Although voter participation in elections to the Third Majles was low, it was nevertheless higher than that in elections to the Second Majles. The total number of votes cast was approximately 107,475 (Moḏākarāt, pp. 4-5) from a Persian population of about 8,422,200 (according to the census, of 1307 Š./1928, taken for purposes of issuing identity cards). In each of five constituencies the number of votes cast was fewer than 500. In Tehran 18,558 registration cards were distributed, and 15,184 people voted in the initial elections. In Article 32 of the supplementary law it was stipulated that deputies who accepted government posts, including ministerial posts, had to resign; the remaining deputies could elect their replacements, or new elections could be held. As a result of such resignations, a second round of elections to the Third Majles was held in Tehran in March 1915; 12,308 cards (for which potential voters had to apply) were distributed and only 10,017 votes cast, suggesting growing indifference in the capital. Voter participation was comparatively high in a few of the provinces, however: 4,268 in Shiraz, 4,434 in Rašt, 4,829 in Hamadān, 6,150 in Zanjān, 6,402 in Kurdistan, and 7,361 in Kermānšāh. The situation in Kermānšāh is particularly interesting, for the province was a stronghold of the Democratic party (see v, below). It is possible that, because of the Russian occupation of Azerbaijan, the center of more radical political activity had largely shifted to Kermānšāh. Only 20 percent of the elected deputies had served in the Majles previously and thus had some experience of parliamentary procedures. Despite this low proportion, the Majles enjoyed considerable authority as the center of reform, of liberalism, and of modernism, representing the core of resistance to foreign encroachment.

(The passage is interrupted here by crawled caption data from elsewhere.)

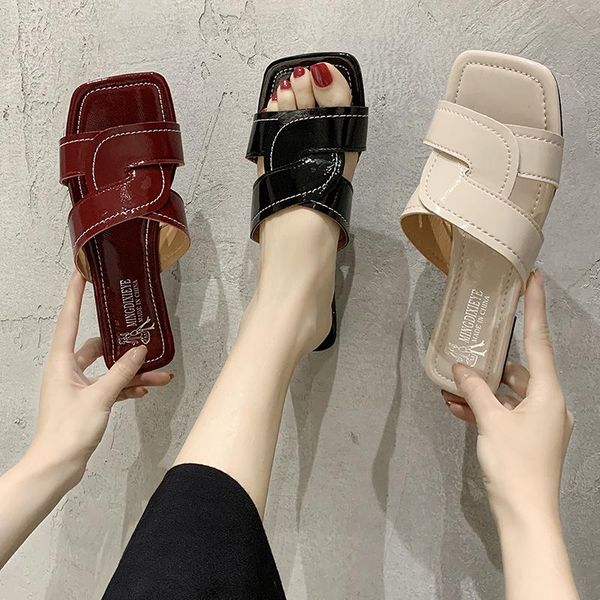 slippers 2021 women shoes woman solid bright leather open toe flat casual female slides summer beach, Black
slippers 2021 women shoes woman solid bright leather open toe flat casual female slides summer beach, Black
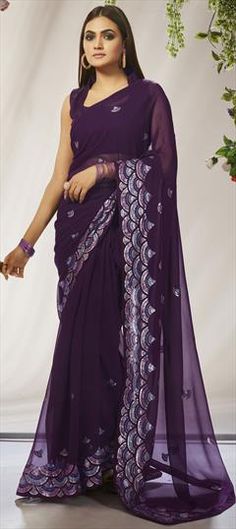 Purple and Violet color Saree in Georgette fabric with Embroidered, Sequence, Thread work Elegant Purple Georgette Embroidered Fabric, Elegant Purple Embroidered Georgette Fabric, Purple Georgette Embroidered Fabric For Reception, Purple Georgette Blouse Piece For Celebration, Celebration Purple Georgette Blouse Piece, Purple Embroidered Fabric Saree For Celebration, Purple Embroidered Fabric For Party With Traditional Drape, Purple Georgette Embroidered Fabric For Festivals, Purple Embroidered Georgette Fabric For Festivals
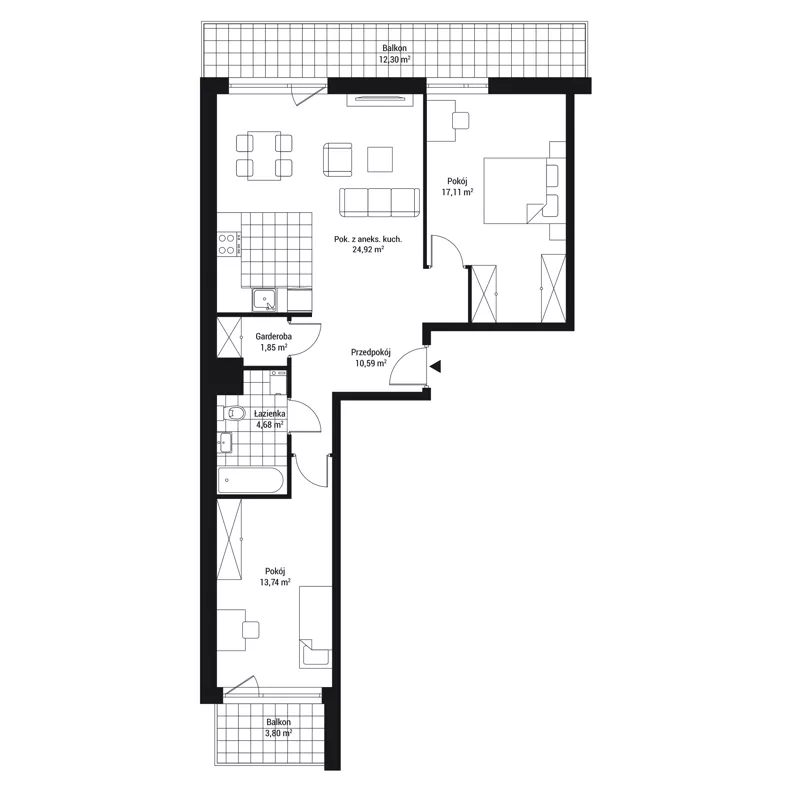3 pokoje, mieszkanie 73,82 m², piętro 1, oferta nr mieszkanie A14, Na Koszutce, Katowice, Śródmieście, Koszutka, ul. Słoneczna 1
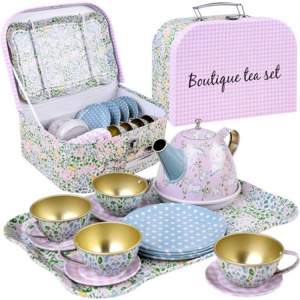 Kovová čajová souprava pro panenky v kufříku
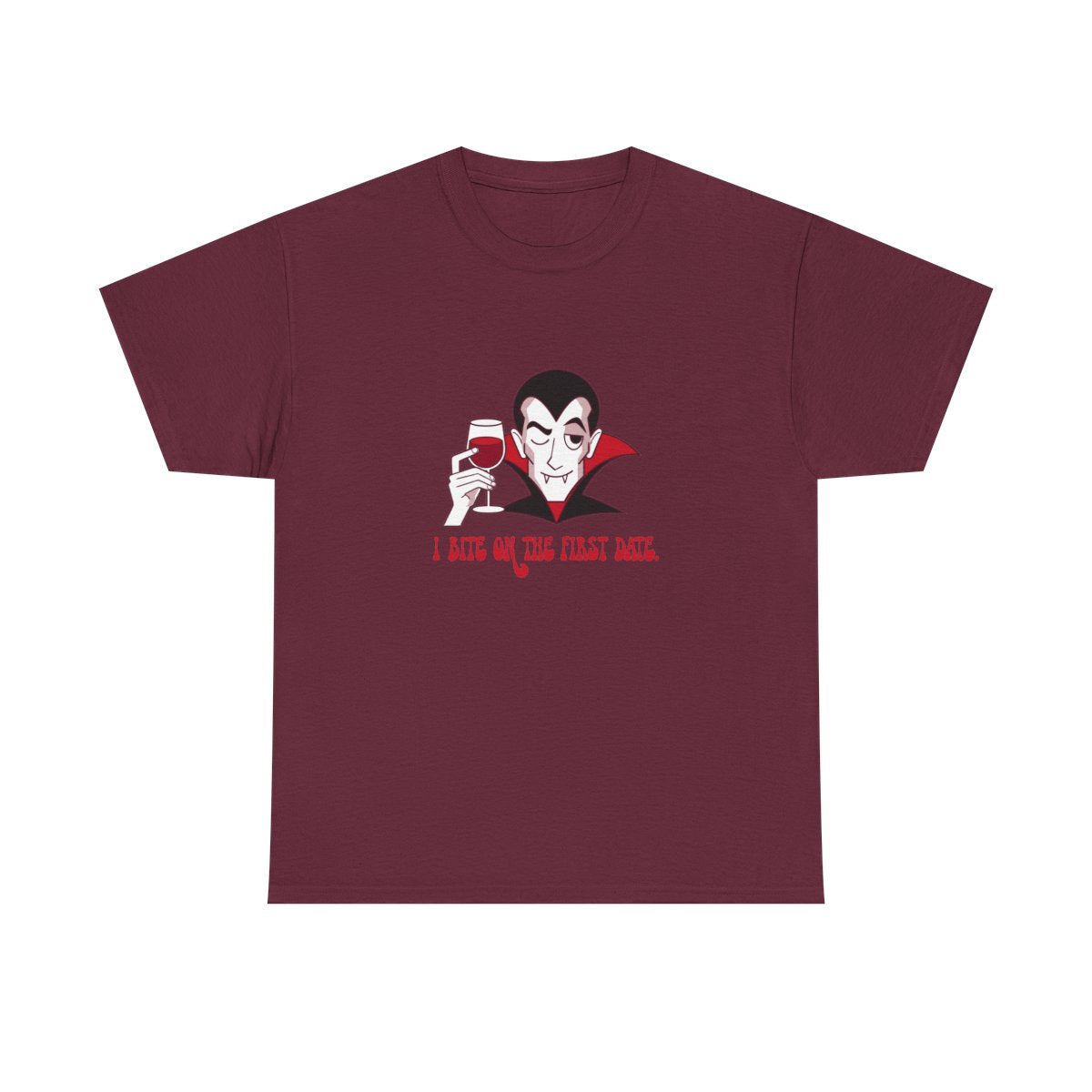 Funny Vampire Halloween I Bite On The First Date T-Shirt in Maroon – front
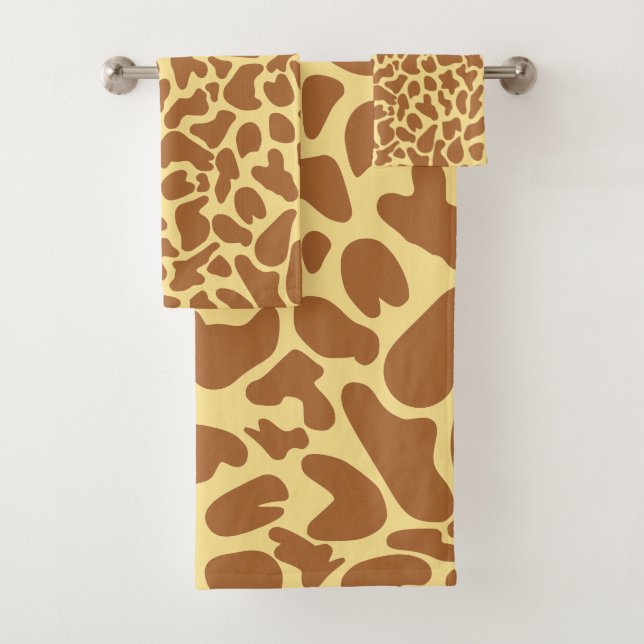 Giraffe Fur Pattern Exotic Bath Towel Set (Insitu)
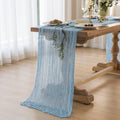 6Pcs Light Blue Cheesecloth Table Runner 120 Inches for Home Decorations by KEKETOARRANGE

Candidates did not campaign on party platforms; rather, the voters elected individuals, many of whom were related to influential landowning families in the provinces. Nor was any constituency totally under the influence of one party. The constitutional requirement that deputies who obtained government posts must resign helped to prevent development in the Majles of a majority party in support of the government. Furthermore, the parties in the Majles were able to manipulate the elections for replacement deputies. As in the Second Majles, a coalition, Hayʾat-e moʾtalefa, was formed, by Democrats and Moderate Socialists, to support the government, but it was guided mainly by political expedience and was not always dependable. The deputies, especially the Democrats, opposed the establishment of the Senate (see iii, above), so that the Majles remained the sole repository of power vis-à-vis the government. Suggestions by ministers and representatives of foreign powers that a council of state be established to curtail the power of the Majles were futile (Demorgny, 1913, p. 41).

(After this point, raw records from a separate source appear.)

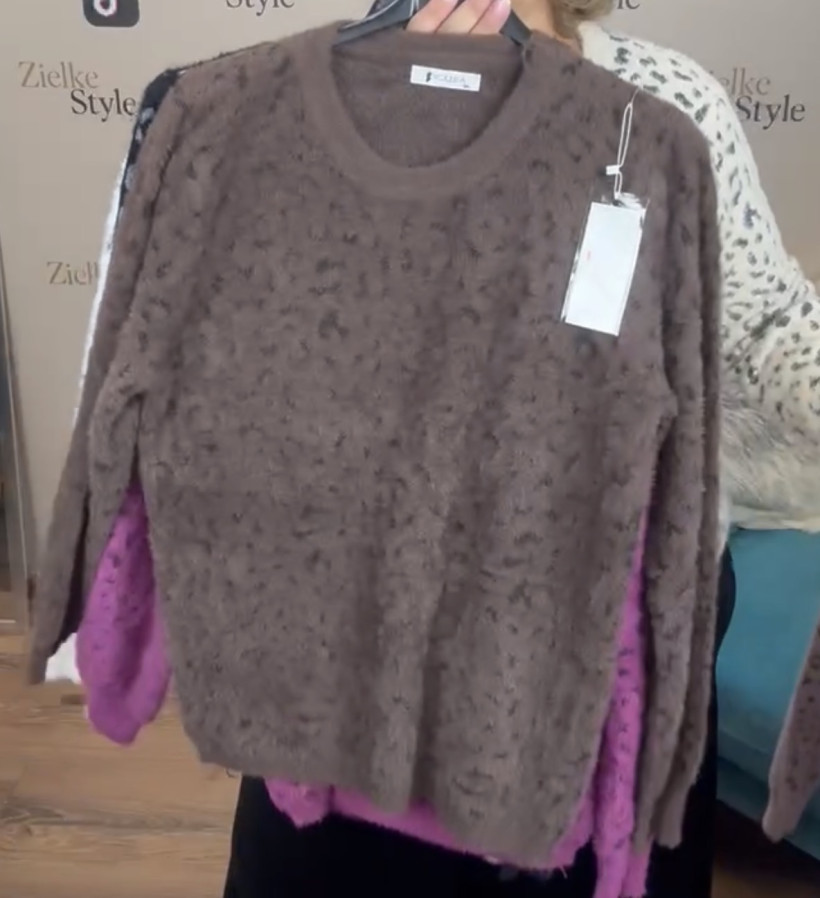 Sweter alpaka, panterka (m/l, xl/2xl)  - 657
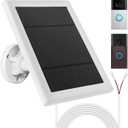 Solar Panel for Ring Doorbell,12VAC Solar Panel for Ring Video Doorbell 3/3+/4, Battery Video Doorbell Pro, 16.4ft Waterproof Charging Cable,Adjustable Panel Mount (White)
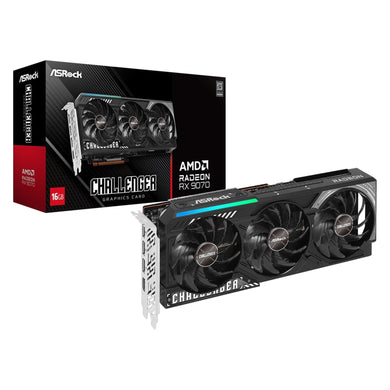 ASRock AMD Radeon RX 9070 Challenger OC Graphics Card, 16GB GDDR6, 3584 Streams, 2520 MHz Boost Clock, Triple Fan, RGB, 3x DisplayPorts / 1x HDMI Ports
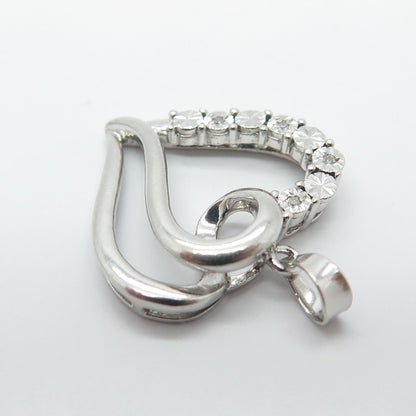925 Sterling Silver Real Diamond Accent Heart Pendant
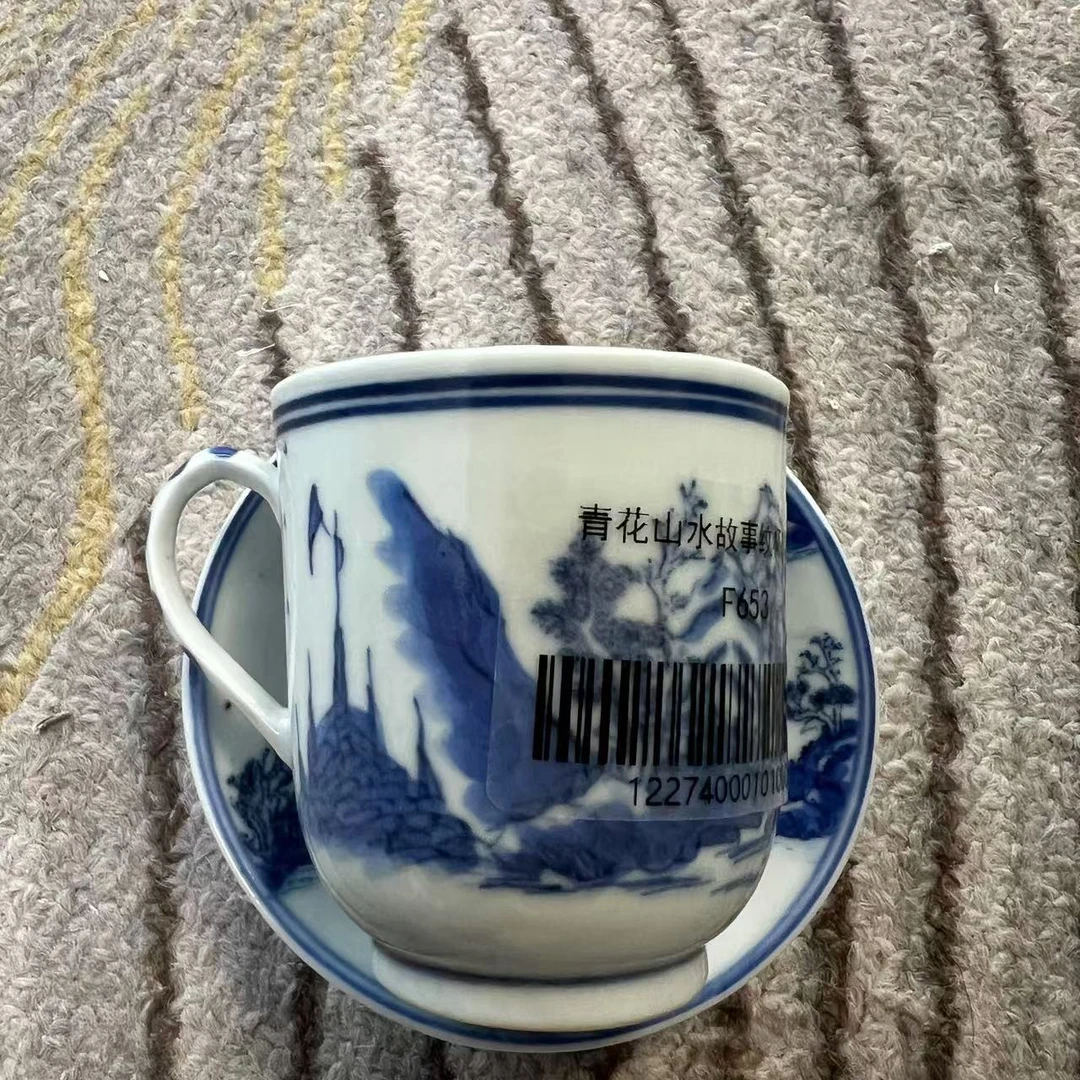 F653青花山水故事纹杯碟套组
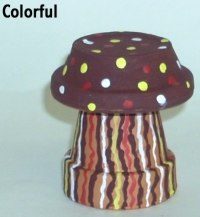 Clay pot mushroom in colorful pattern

Three political parties and one group of unaffiliated deputies (bīṭarafān) were represented in the Third Majles (see v, below); the parties were the Democrats (Ferqa-ye demokrāt-e Īrān, ʿĀmmīyūn), the Moderates (Eʿtedālīyūn, also known as Eʿtedālīyūn-e ejtemāʿīyūn), and the conservative clerical group Hayʾat-e ʿelmīya, which, though not apparently organized as a party, tended to vote as a bloc. The first act of the Democratic leader, Solaymān Mīrzā, after the convening of the session in December 1914 was to demand an inquiry into the actions of the government during the long “recess” (Moḏākarāt, p. 40), though there was no response to his demand. The former prestige of the Democrats had been somewhat damaged, however, by the apparent participation of some of their members in the assassination of Sayyed ʿAbd-Allāh Behbahānī in 1328/1910 (Kasrawī, Āḏarbāyjān, p. 130), and they were widely believed also to have been responsible, through their intransigence and support of the American financial reformer Morgan Shuster, for the Russian ultimatum. The ideological opposition between the Democrats and Hayʾat-e ʿelmīya was fundamental, and controversies were usually resolved to the advantage of the Democrats. Examples included discussions of women’s education, taxes on landed property, and military conscription. Nor were the clerics strong enough as a party to force implementation of Article 2 of the supplement to the Constitution, which provided for a committee of five prominent mojtaheds (theologians) to be chosen to scrutinize all enacted legislation in order to be certain that it did not contradict the tenets of Islam. In fact, this article, though occasionally discussed, seems to have been shelved (Moḏākarāt, p. 73). On nationalist questions, however, the ʿolamāʾ and the Democrats worked more harmoniously, for both parties shared a common distrust of foreign powers.
The bīṭarafān included eighteen deputies, who wielded considerable power because their participation in various coalitions often proved decisive (Bahār, I, p. 13 n. 1). Three members of this group represented minorities.
Government and the Third Majles. During this session the deputies generally avoided taking public positions on issues of foreign policy but persevered in the business of government, even during cabinet crises. For example, laws to reform the ministries of finance and justice were enacted, as well as judicial reforms, taxes on real property and tobacco, postal regulations, and military conscription (Moṣawwabāt, pp. 515-63; Moḏākarāt, passim).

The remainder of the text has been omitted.